Data shown
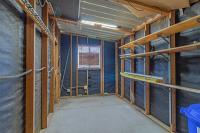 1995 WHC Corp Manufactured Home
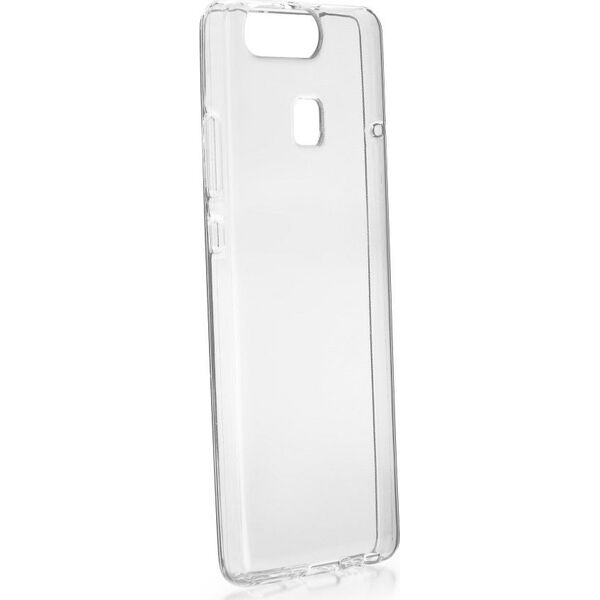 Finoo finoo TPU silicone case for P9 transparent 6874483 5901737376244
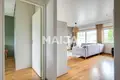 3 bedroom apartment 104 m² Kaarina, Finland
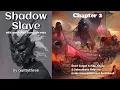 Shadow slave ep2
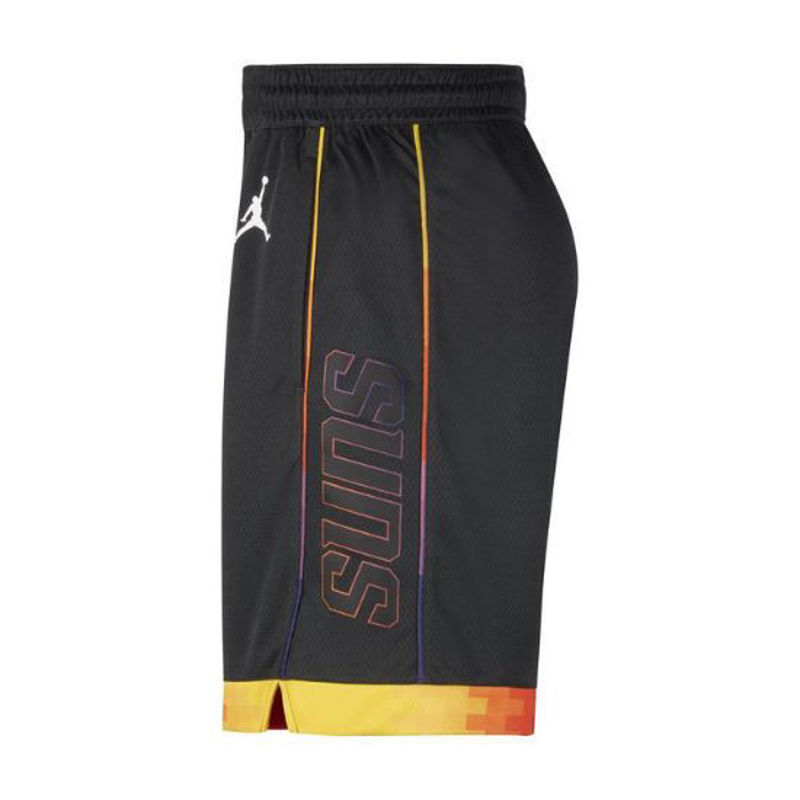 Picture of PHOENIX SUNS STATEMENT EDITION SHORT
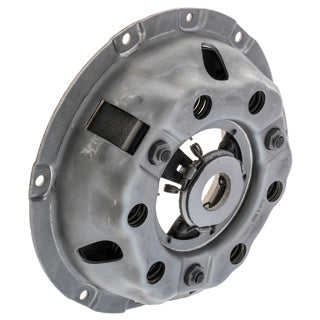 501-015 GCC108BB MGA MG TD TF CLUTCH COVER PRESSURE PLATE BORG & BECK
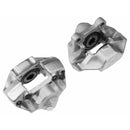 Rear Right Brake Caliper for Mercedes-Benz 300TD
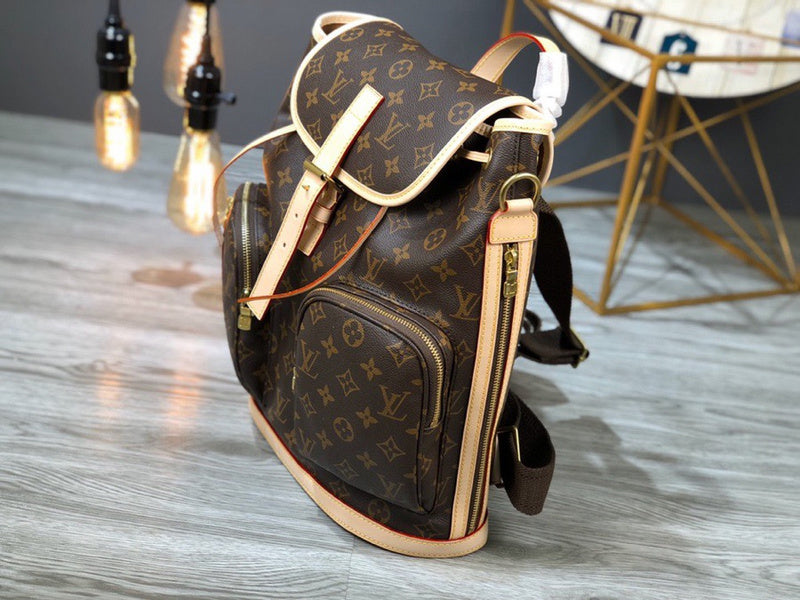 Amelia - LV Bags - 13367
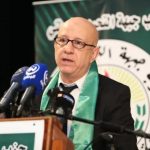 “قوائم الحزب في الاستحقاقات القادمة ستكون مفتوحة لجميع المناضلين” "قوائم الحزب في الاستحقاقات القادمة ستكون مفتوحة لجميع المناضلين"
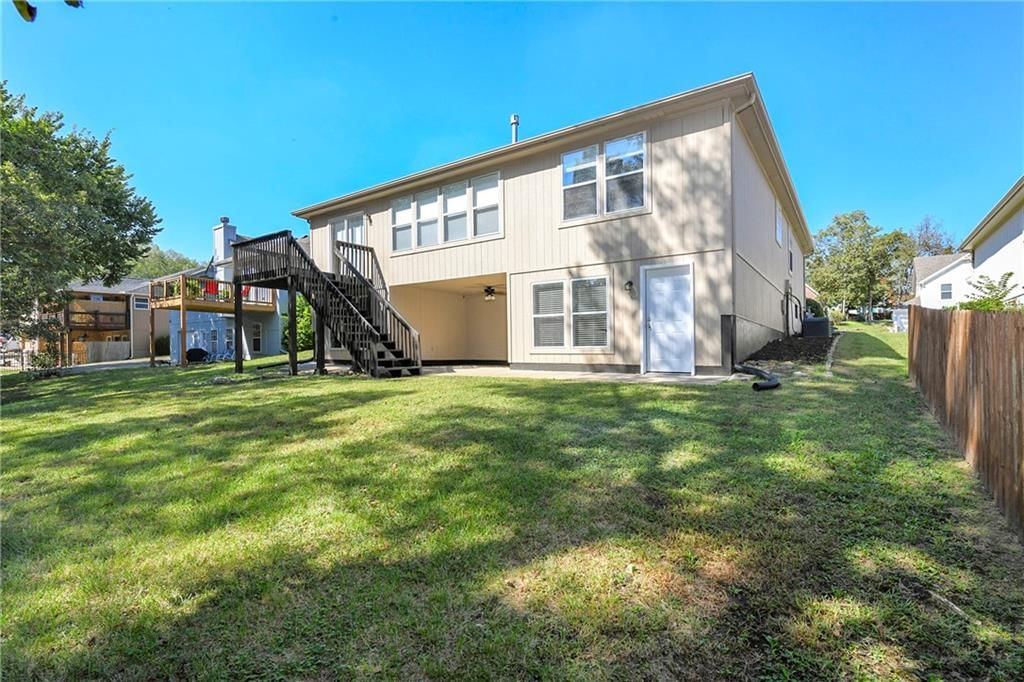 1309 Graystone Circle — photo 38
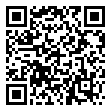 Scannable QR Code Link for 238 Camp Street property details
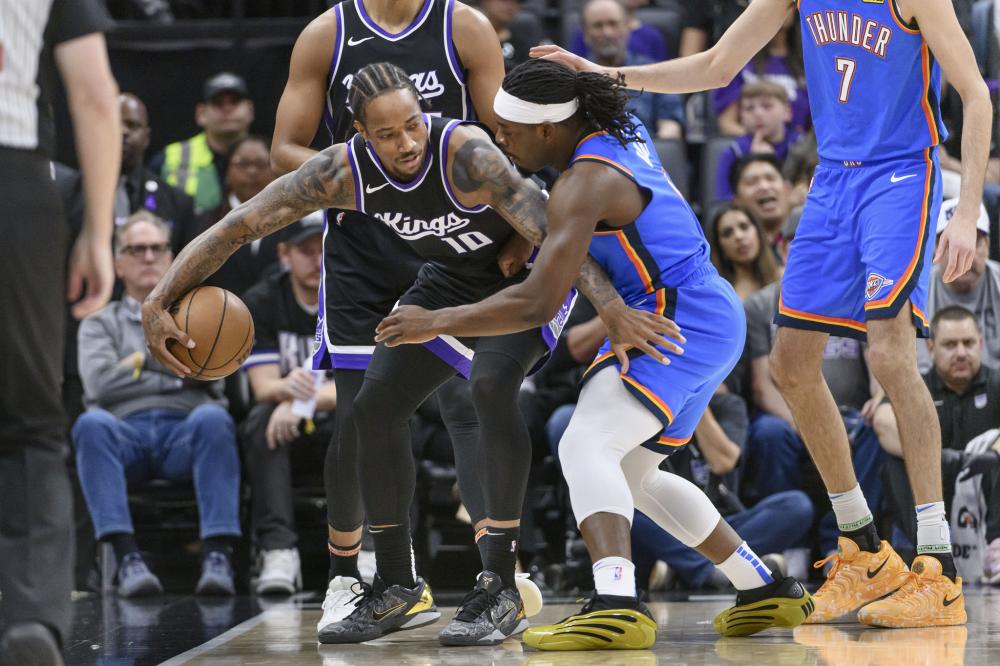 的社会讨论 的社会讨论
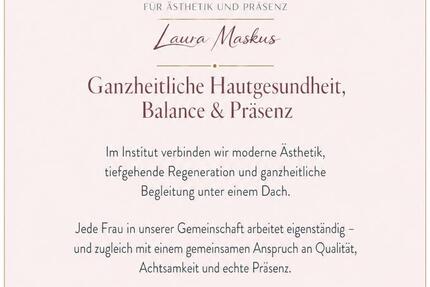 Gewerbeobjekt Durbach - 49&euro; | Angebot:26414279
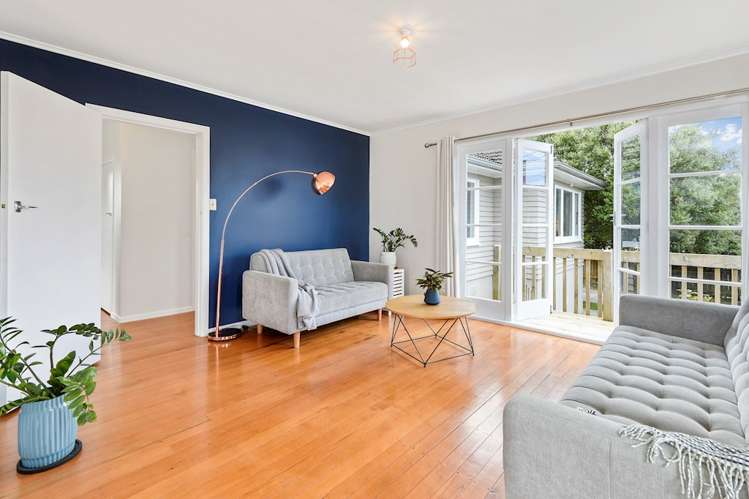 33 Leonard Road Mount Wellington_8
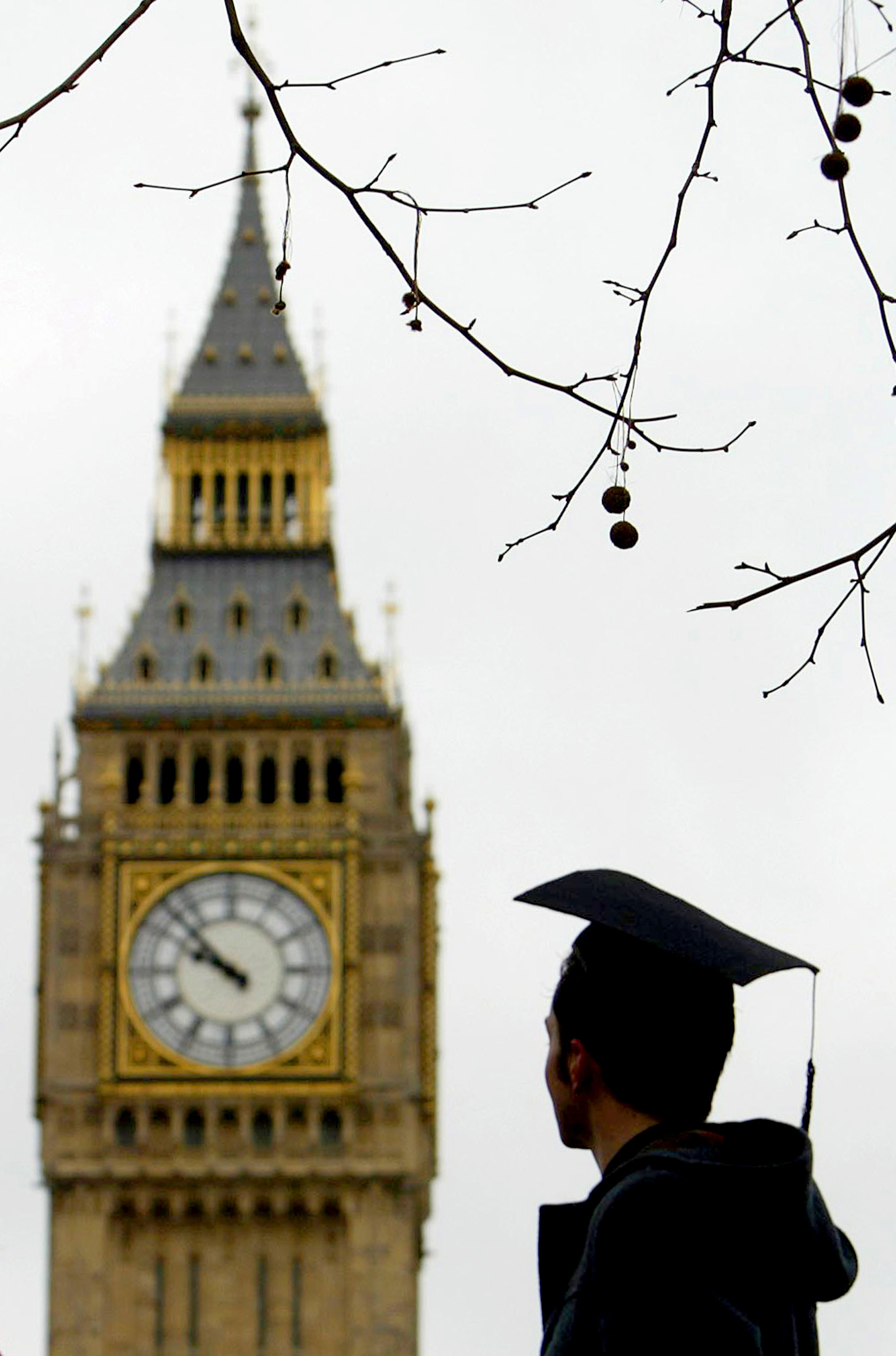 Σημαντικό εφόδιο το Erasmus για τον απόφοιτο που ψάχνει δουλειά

Problem description
Please restate, word for word, the lines from the one with "1309 Graystone Circle — photo 38" through the final line of the material, both included, and omit the pictures.

Response to the exercise
 1309 Graystone Circle — photo 38
 Scannable QR Code Link for 238 Camp Street property details
 的社会讨论 的社会讨论
 Gewerbeobjekt Durbach - 49&euro; | Angebot:26414279
 33 Leonard Road Mount Wellington_8
 Σημαντικό εφόδιο το Erasmus για τον απόφοιτο που ψάχνει δουλειά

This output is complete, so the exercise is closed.